【米国雇用統計】米国労働市場の詳細確認(2025年3月)
- 2025.04.06
- 経済・マーケット
25年3月の雇用統計は、非農業部門雇用者数は予想の13.5万人を大きく上回り22.8万人、
失業率は予想の4.1%よりも高い4.2%となり、ヘッドラインで言えば、予想以上に強い結果であった。
失業率と就業者比率
前述の通り、失業率は4.2%へと悪化した。
また、就業者比率(E/P Ratio)は労働力人口全体、プライムエージともに悪化がみられる。
プライムエージのE/P Ratioがしっかりとした悪化傾向に転じるのか、来月の雇用統計が非常に気になるところであったが、流れを見る限り、悪化傾向に転じたものと思われる。
トランプ大統領の相互関税による悪影響もあり、この流れは今後も継続することが予想される。
失業理由の詳細
失業理由からは、引き続き明確な悪化・改善の動きは見られない。
しかし、被解雇者の割合が低下してから横ばい推移が3月も継続しており、状況は悪くない。

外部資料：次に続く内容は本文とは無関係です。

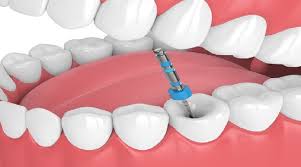 After a root canal, patients will want to make sure of a few things: 8 Great Tips Provided By Dentist In Croydon For Quick Root Canal Recovery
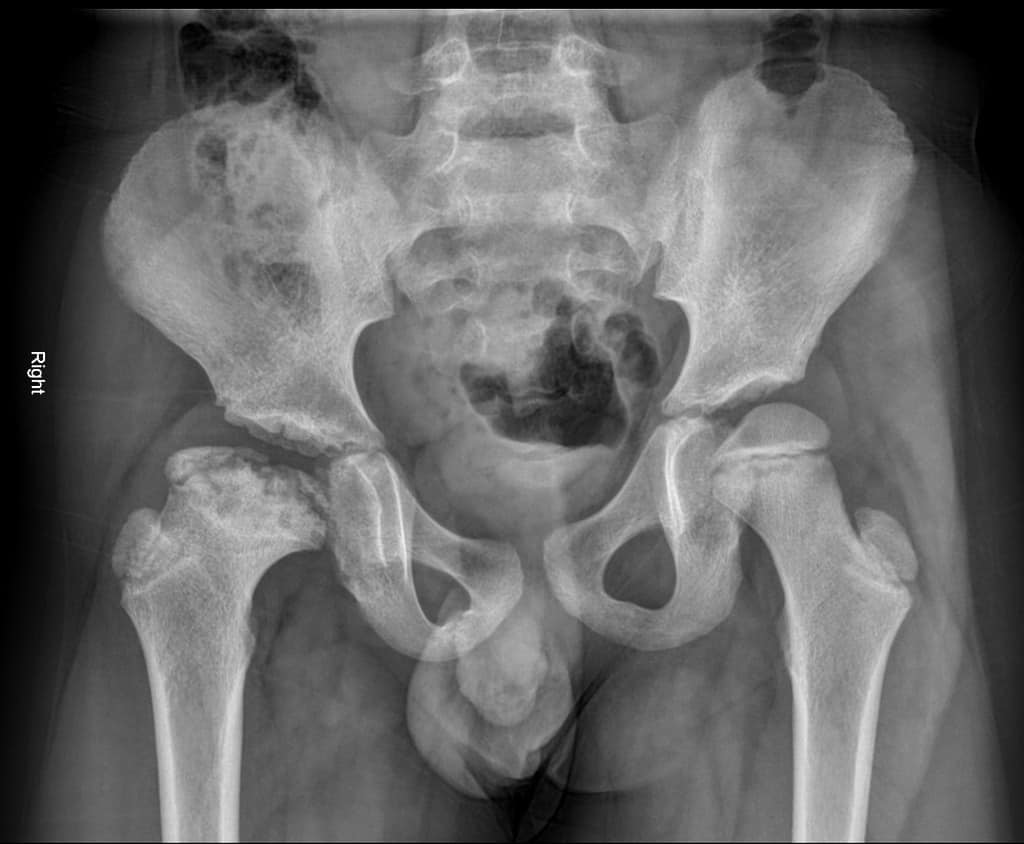 Legg Calve Perthes: लेग काल्व पेर्थेस क्या है? जानें इसके कारण, लक्षण और उपाय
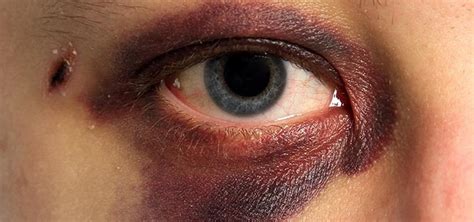 You get a black eye if someone punches you in the eye then it will soon turn black if you are being an idiot, and you tick someone off, they will punch you in what football players put under their eyes that is black is simply called eye black. it is used to reduce glare from the sun, and it can consist of. Simple ways to cure black eye | Best ways to get rid of ...
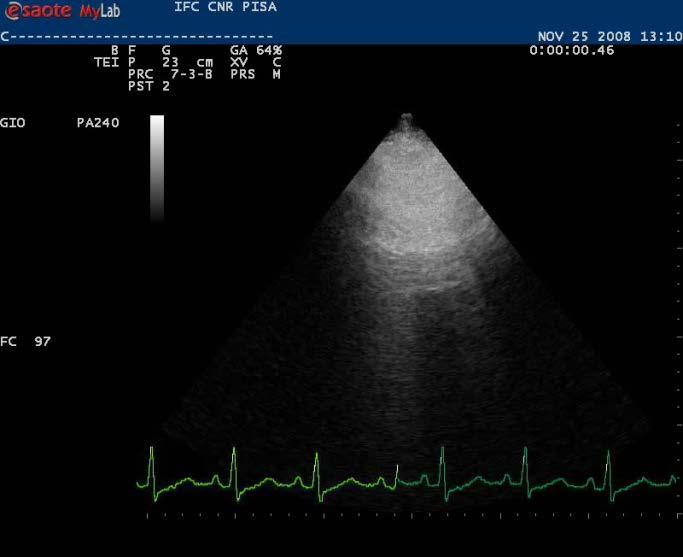 septa pulmonary oedema B-line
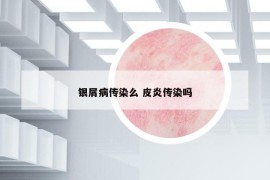 银屑病传染么 皮炎传染吗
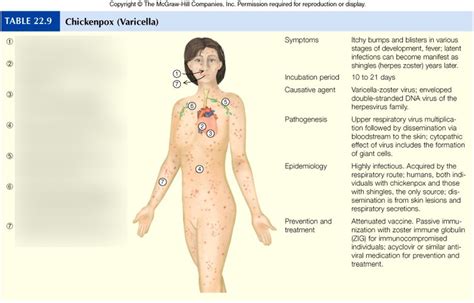 Chickenpox Varicella Diagram Quizlet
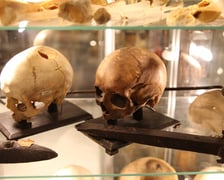 Muzeum Medycyny Sądowej we Wrocławiu, ekspozycja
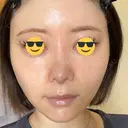 隆鼻術 / 鼻尖形成（切開） / 鼻中隔延長（切開） / 軟骨移植 / 鼻修正 / 鼻尖縮小 / 真皮移植 / 小鼻縮小（非切開） 銀座マイアミ美容外科 DAY 10 サムネイル用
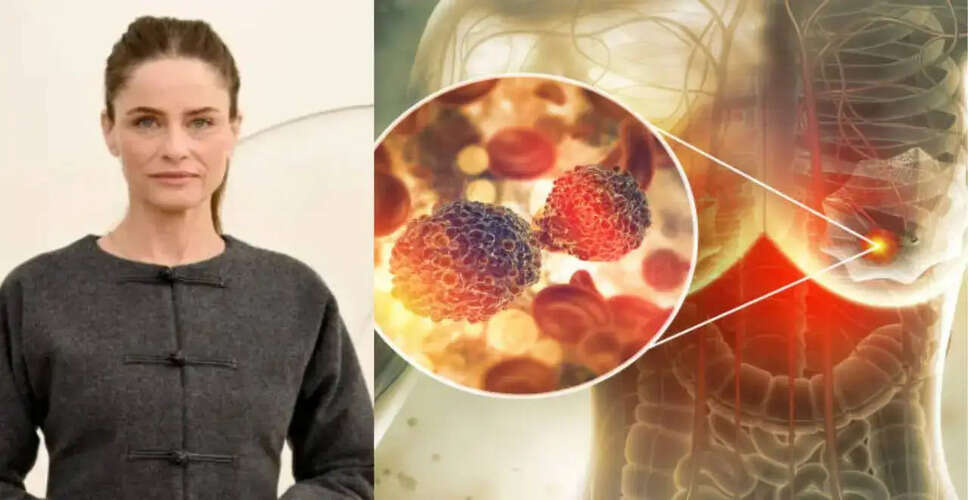 अमांडा पीट का कैंसर निदान: महिलाओं के लिए प्रारंभिक स्क्रीनिंग का महत्व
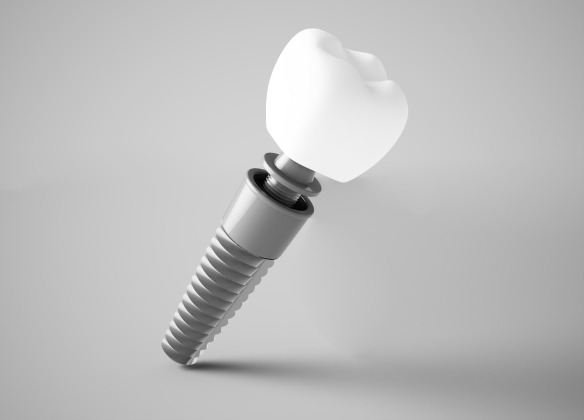Animated dental implant with crown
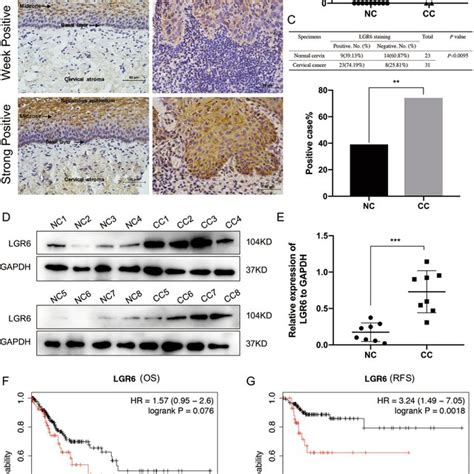 Cervical Cancer Cells With High Expression Of Lgr Have Enhanced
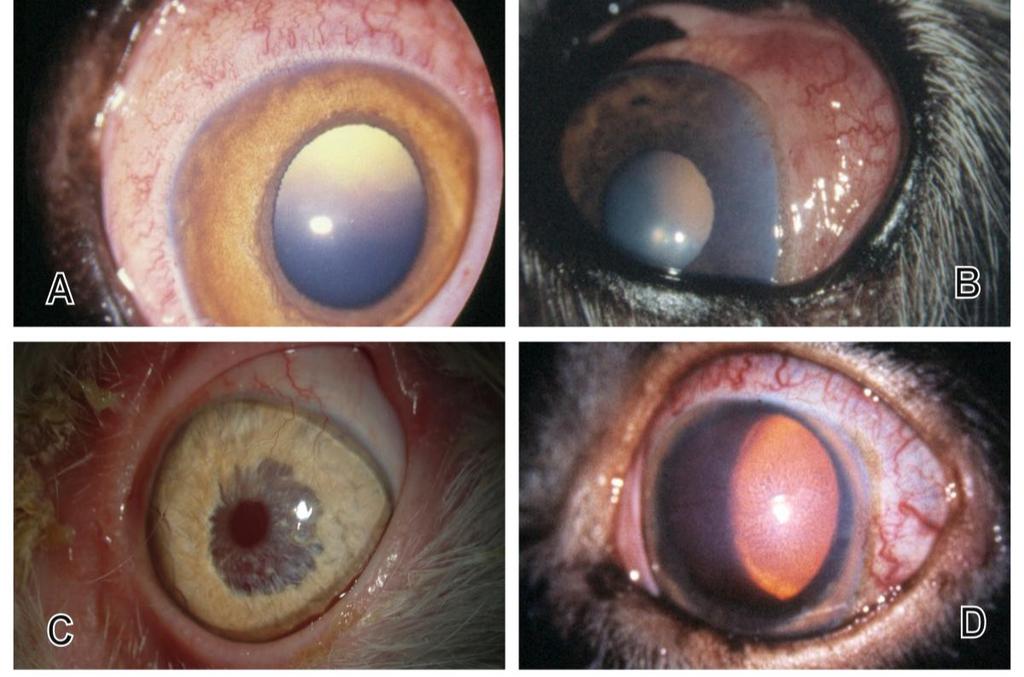 Iris er svullen, og det er ødem i cornea B: Episkleritt med hevelse og hyperemi i episklera.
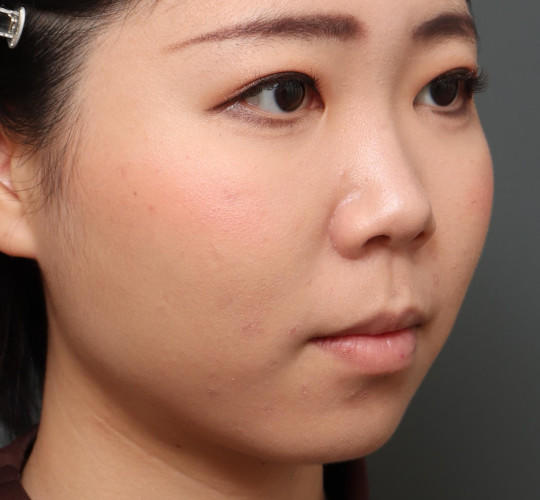 20代女性のVOVリフトプレミアム Before 症例写真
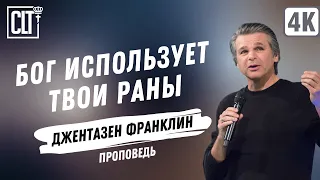 Бог использует твои раны | Джентазен Франклин | Проповедь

相互関税の影響が始めに見られるとすれば、レイオフの数字となろうことから、今後は注意深く変化を追っていく必要があるだろう。
失業理由の分類は下記を参照。
- 被解雇者(Job Losers) : 会社都合の一時解雇、解雇
- 退職(Job Leavers) : 自己都合の退職者
- 契約期間満了(Completed Temporary Job) : 一時的な/臨時の仕事を終えた場合
- 労働市場への復帰者(Reentrants) : 再度職探しを始めた人(not-in-labor-forceからの復帰)
週給・時給とその他関連データ
週給・時給の前年比増加率は、概ね横ばいの推移が続いているが、来月以降の数値からは明確な低下傾向に入るのではにだろうか。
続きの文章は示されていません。